Unless the ACDB draws a line, confirms the requirements, and pushes toward a delivery date, each new rotation of project staff will bring forward new ideas – often for valid reasons, he noted – that can potentially derail momentum.

“The risk of doing the right thing is further delay. My responsibility is managing that risk, and when necessary elevating it for a decision. The risk is, if we get to definition on a project by a certain date [and then propose further changes], money is being apportioned overtime based on that. If we delay what we are doing, then our ability to spend the money is affected, the project gets delayed, and that affects our credibility,” Kelsey said.

One of his challenges to project staff is to know and understand a project’s history. Fresh thinking is important, but it can run counter to ACDB consensus and decisions reached years earlier.

Among the many goals of the defence policy is a more streamlined process for capital expenditure management and planning. That may occur in time, but the Army needs to initiate and sustain momentum immediately, Kelsey acknowledged.

“This policy is a blessing for us, but it is a huge load. It’s causing us to hold up a mirror. We are very predisposed to focus on operations, on readiness. Now we need to put some more horsepower into capability development. To keep the momentum on our projects, based on when the funding is coming, based on the targets set by the policy, we actually need more people in my line of governance to enable momentum.”

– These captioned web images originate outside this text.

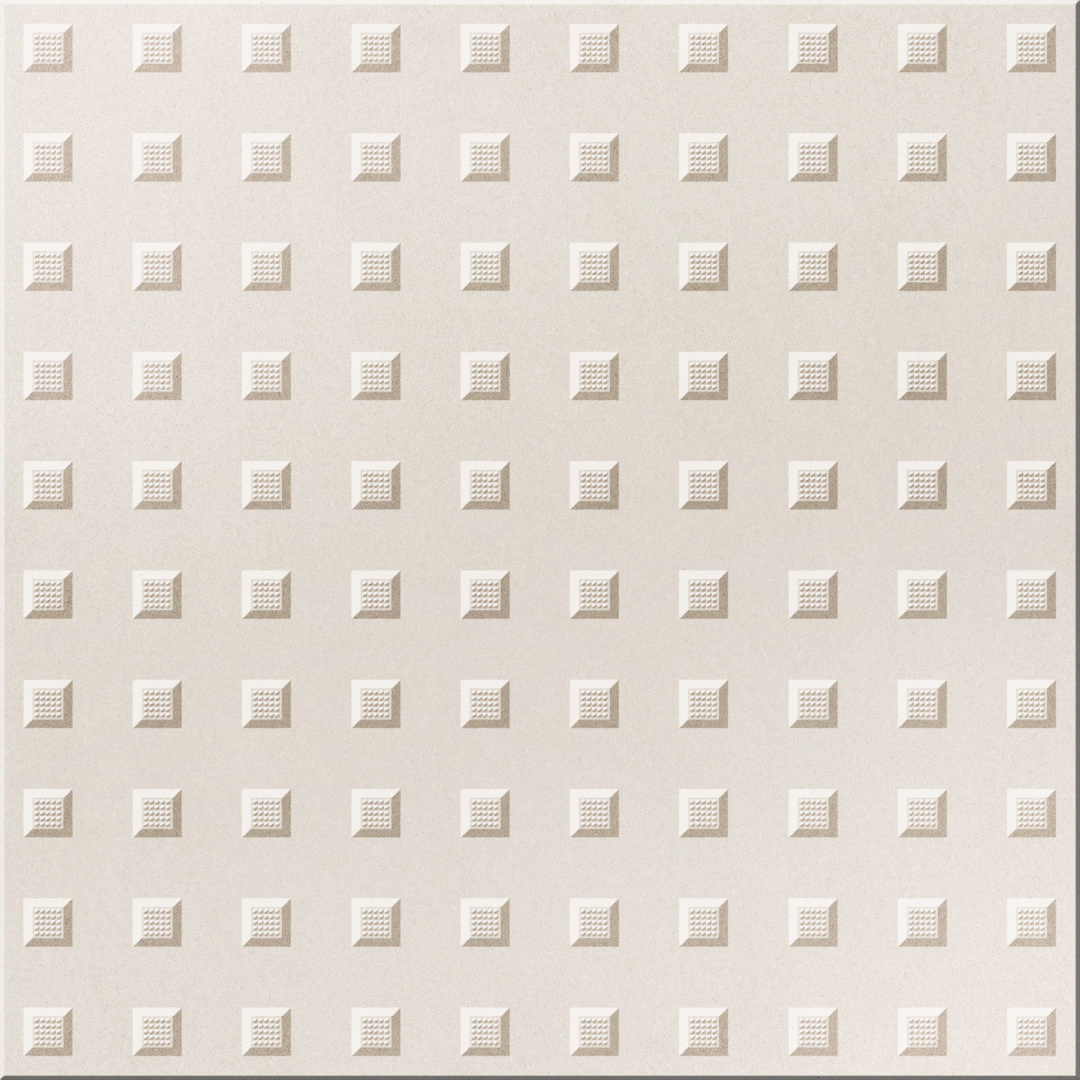 Керамогранит U100A QUADRO 30x30 противоскользящий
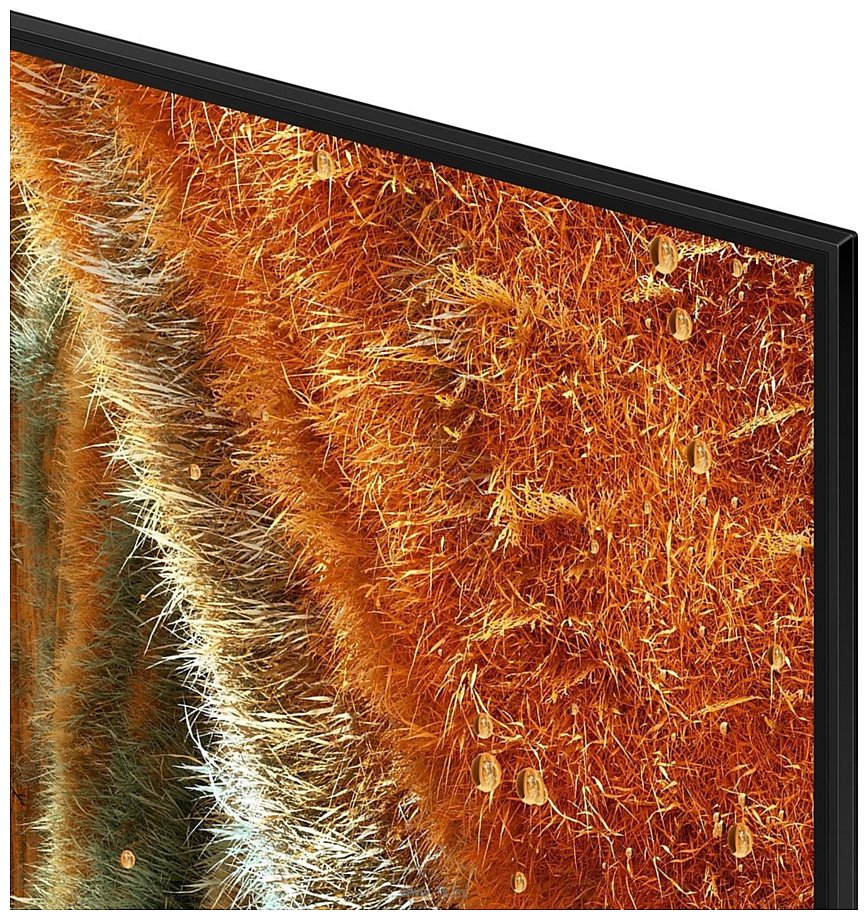 Фотографии Samsung Neo QLED 4K QN70F AI QE55QN70FAUXRU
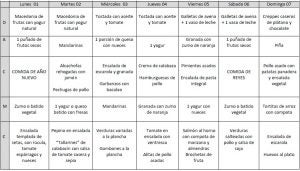 sin-titulo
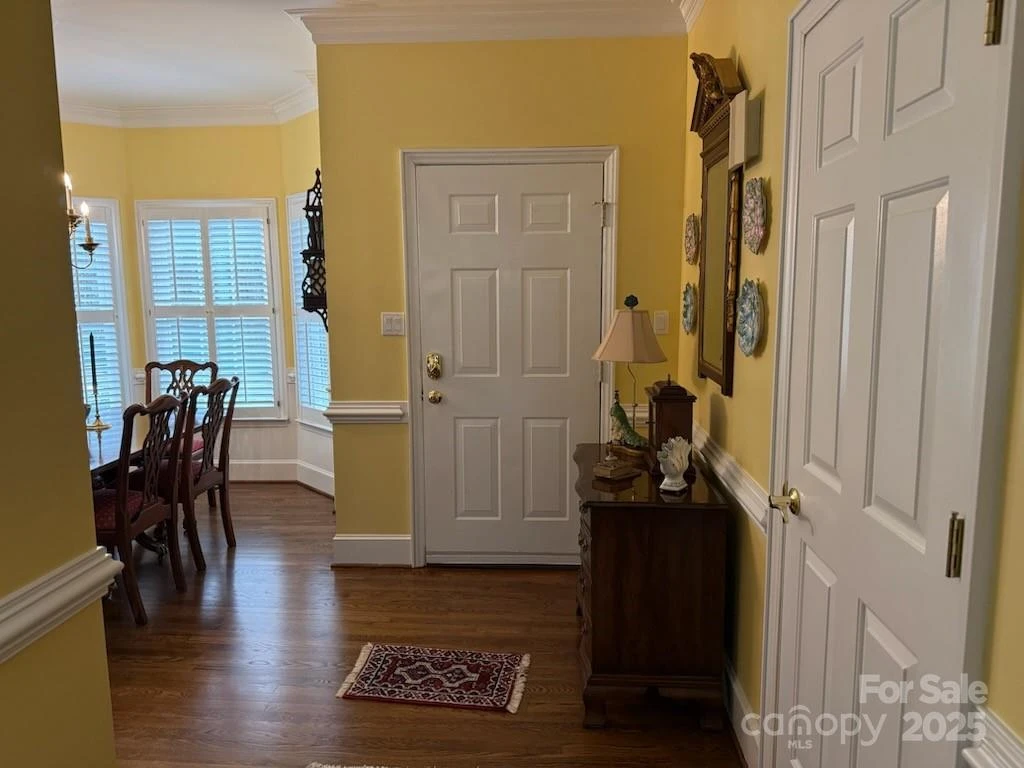 225 Kings Creek Court - Photo 44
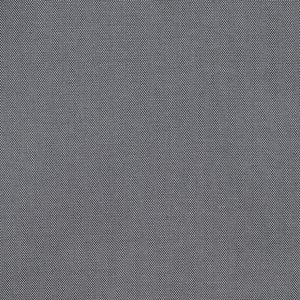 Additional Image 2 - a white surface with black dots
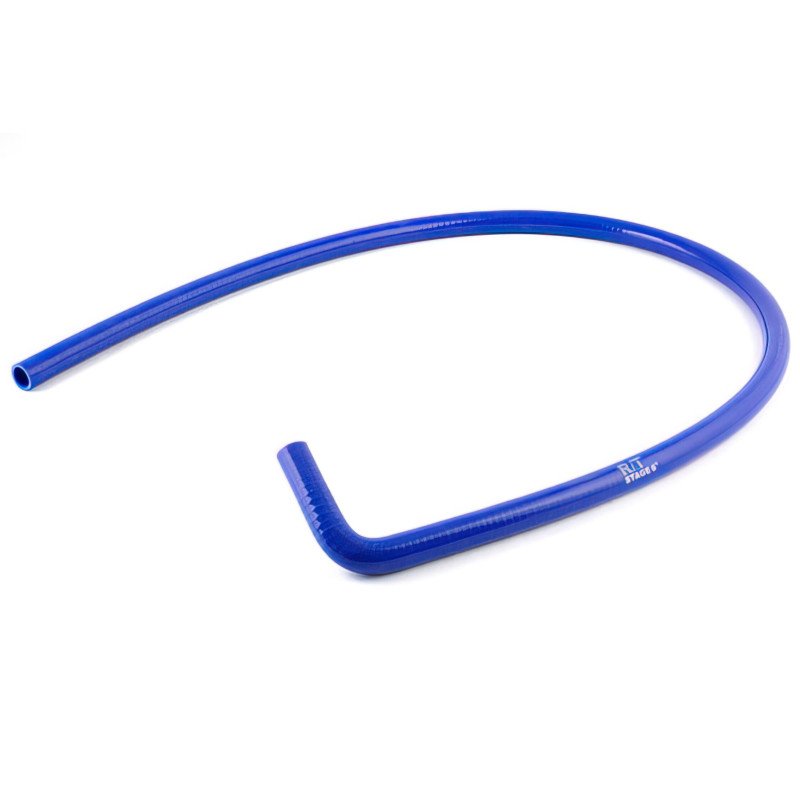 Durite de refroidissement 1,5M Stage6 R/T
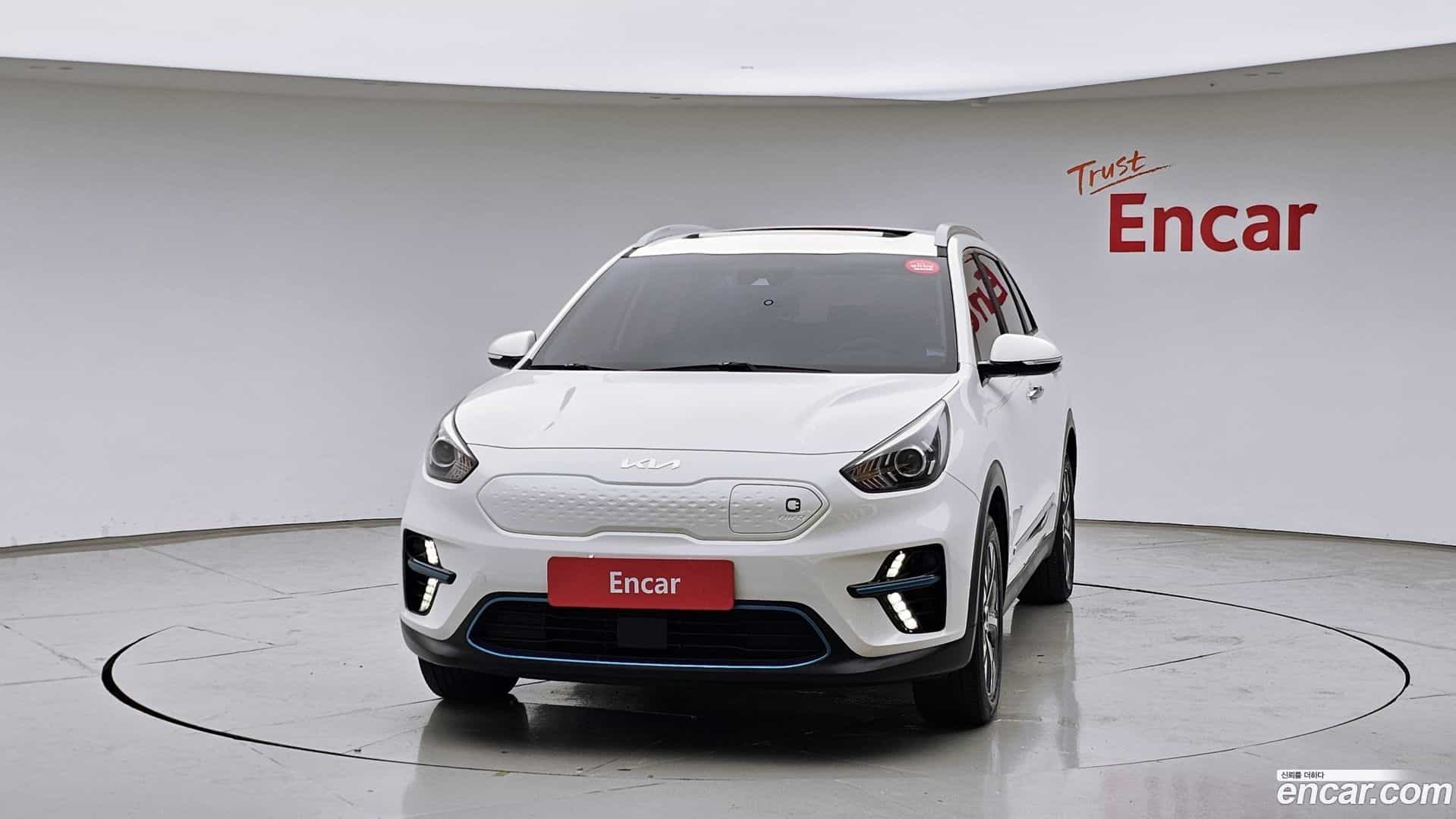Niro Kia 2021.6-OUTER-003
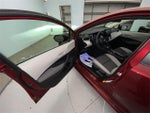 2024 Corolla Thumbnail 11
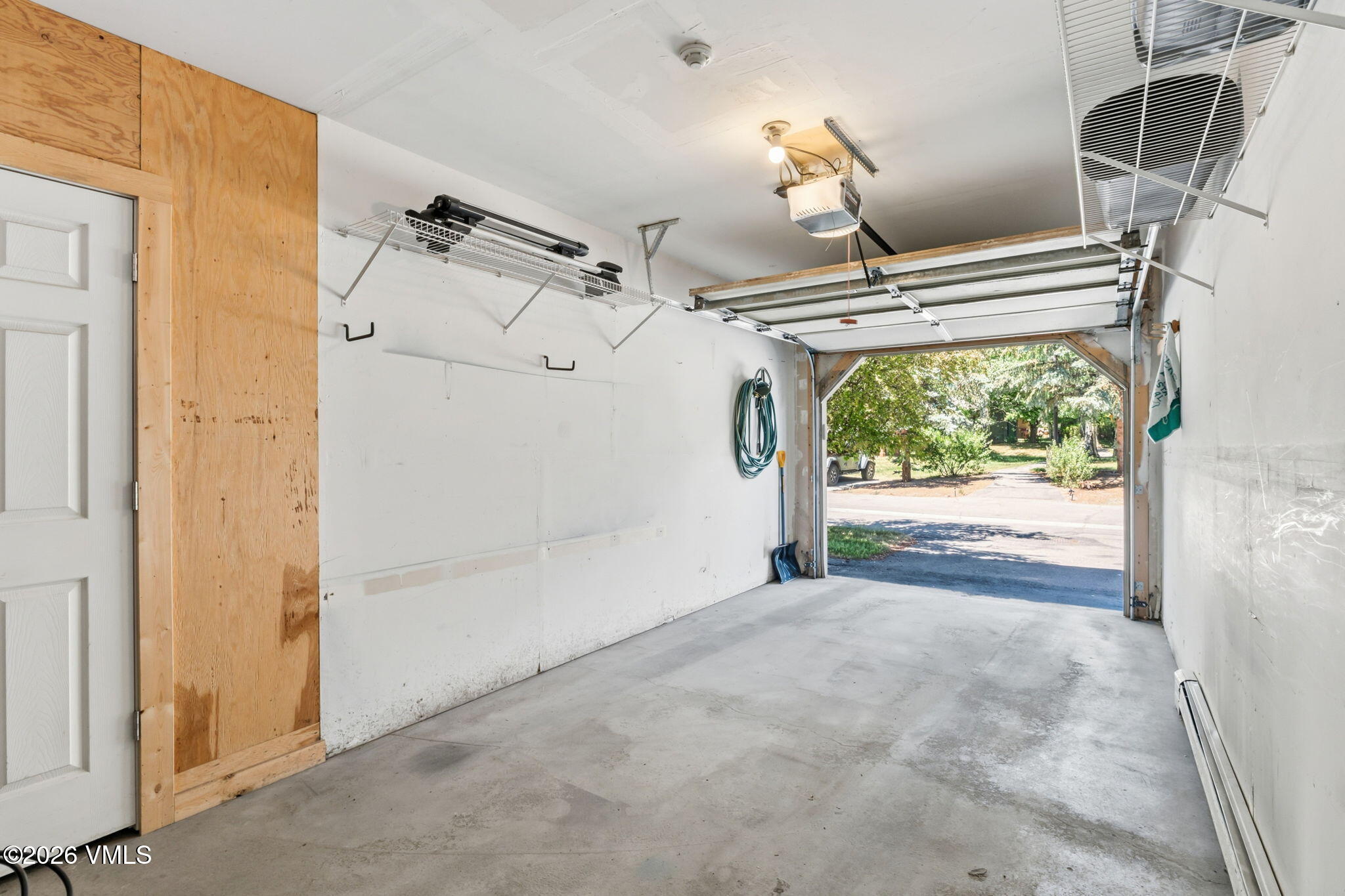 1104 Crazy Horse Circle 1104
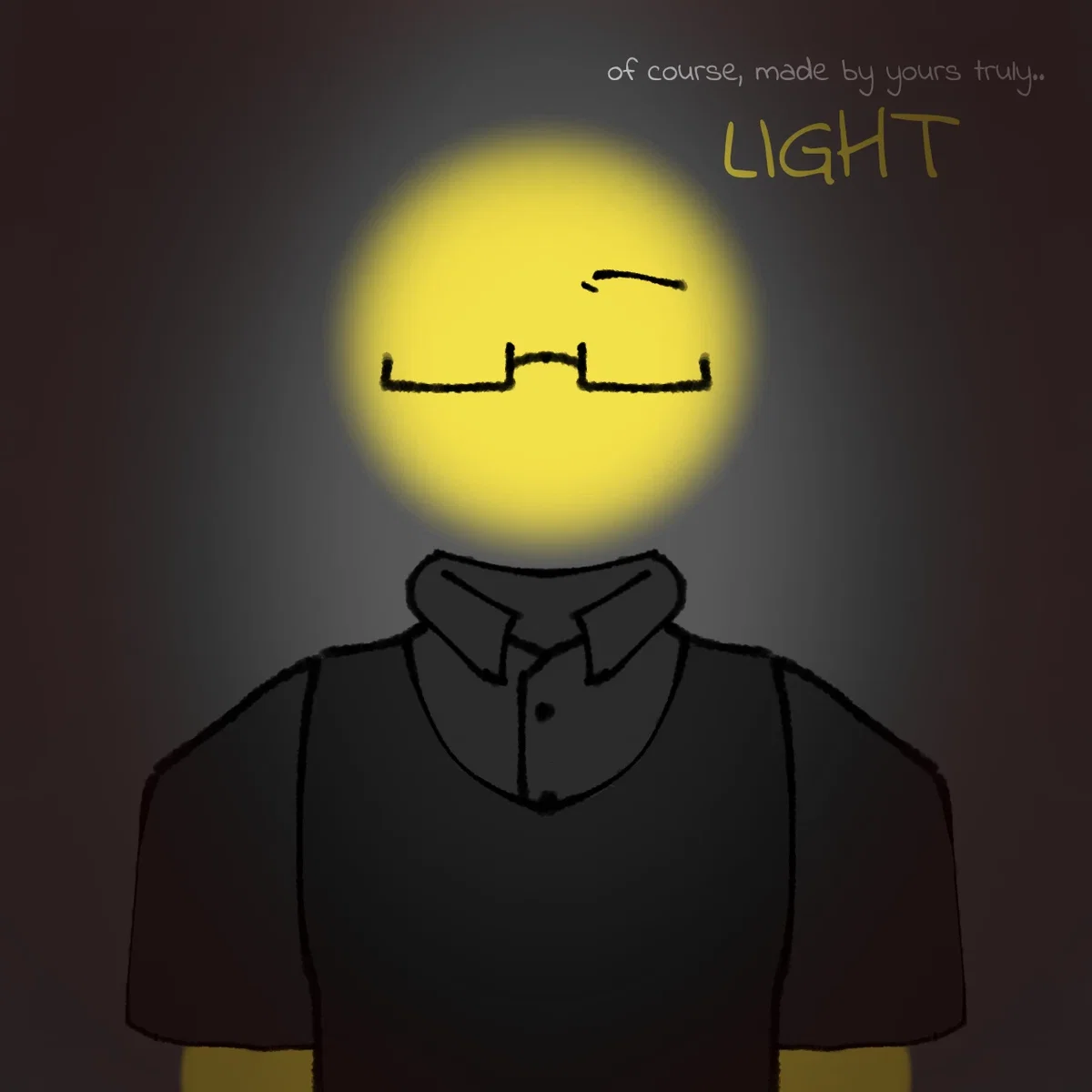 Light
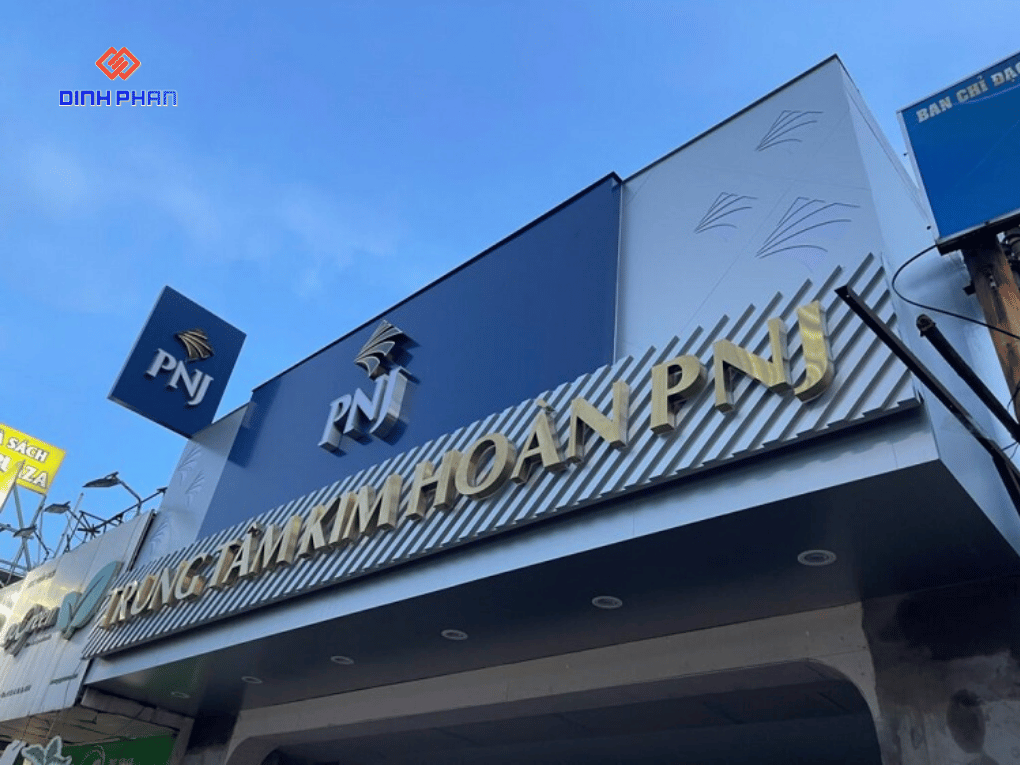 logo-toa-nha-pnj
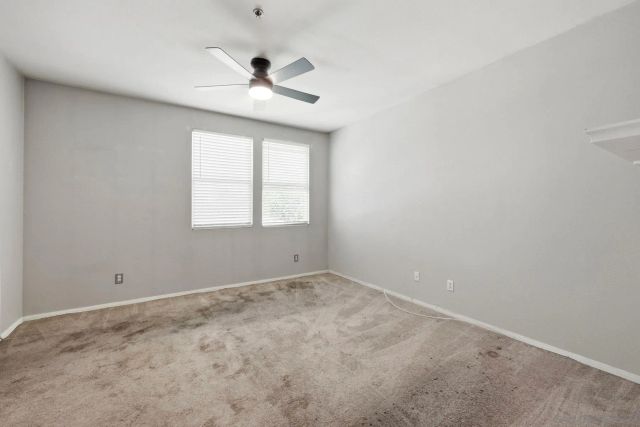 31369 David, Temecula, CA 92592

Staffing within the Directorate of Land Requirements is now a priority one posting and has reached almost 100 per cent; by comparison, staffing across the Army’s headquarters is currently about 92 per cent. The Army is seeking private sector contractors for some specific work to bolster projects. And although it is not under his purview, Kelsey is also “fighting” for additional funding and resources for the Assistant Deputy Minister Materiel branch of National Defence to keep projects moving once they gain traction.

Among the many projects on Kelseys plate is CIED modernization. Photo: DND

Among a shortlist of projects that will require “major muscle movements” through various approvals are the C-6 machine gun replacement, logistics vehicle modernization, enhanced recovery capability, and the Land Vehicle Crew Training System [see page 22 for a profile of the project].

“We are looking at which projects are lagging and who do we need to engage to make sure the costing doesn’t become an eight-month delay.”

Avoiding delays and moving more projects through the procurement system at a steadier pace suggests a great level of agility. Kelsey’s approach has been to focus on communication and encouraging more collaboration to initiate momentum. That might seem counterintuitive to a hierarchical and directive military culture, but it’s critical to change management and achieving enduring solutions, he said.

“The thing about Army organizational culture is that we are obliged to be agile and adaptive to a future threat that we don’t actually have a complete understanding of. So that change mentality is absolutely inculcated in our culture. But it is equally true that we are guardians of tradition and there is an institutional resistance to change when it comes to the structure of a unit or how training is conducted. It is conflict in the sense that it is ideas in opposition.”

Debate within the Army for a particular capability, or a new structure of a light infantry battalion, or how to access more capacity from the Reserve “is rarely a discussion about why we need to do it, it’s the how,” he observed.

To monitor the progress of the capital program in response to Strong, Secure, Engaged (SSE) – and perhaps reduce the number of stickies in the document – Kelsey would like to create an online dashboard to help “get better at the business of what we do.”

He credited his predecessors with the idea but admitted, as a new guy in the job – Kelsey began in December having previously served as chief of staff to the multinational land component command in Iraq – an online tool would allow him to see the holistic picture and track progress.

“Each organization [in the Army] has very detailed and responsive synchronization tools – Excel spreadsheets. But we need a tool that is a layer above, that allows us to understand in the context of SSE if we are on track, if we’re making the right choices.”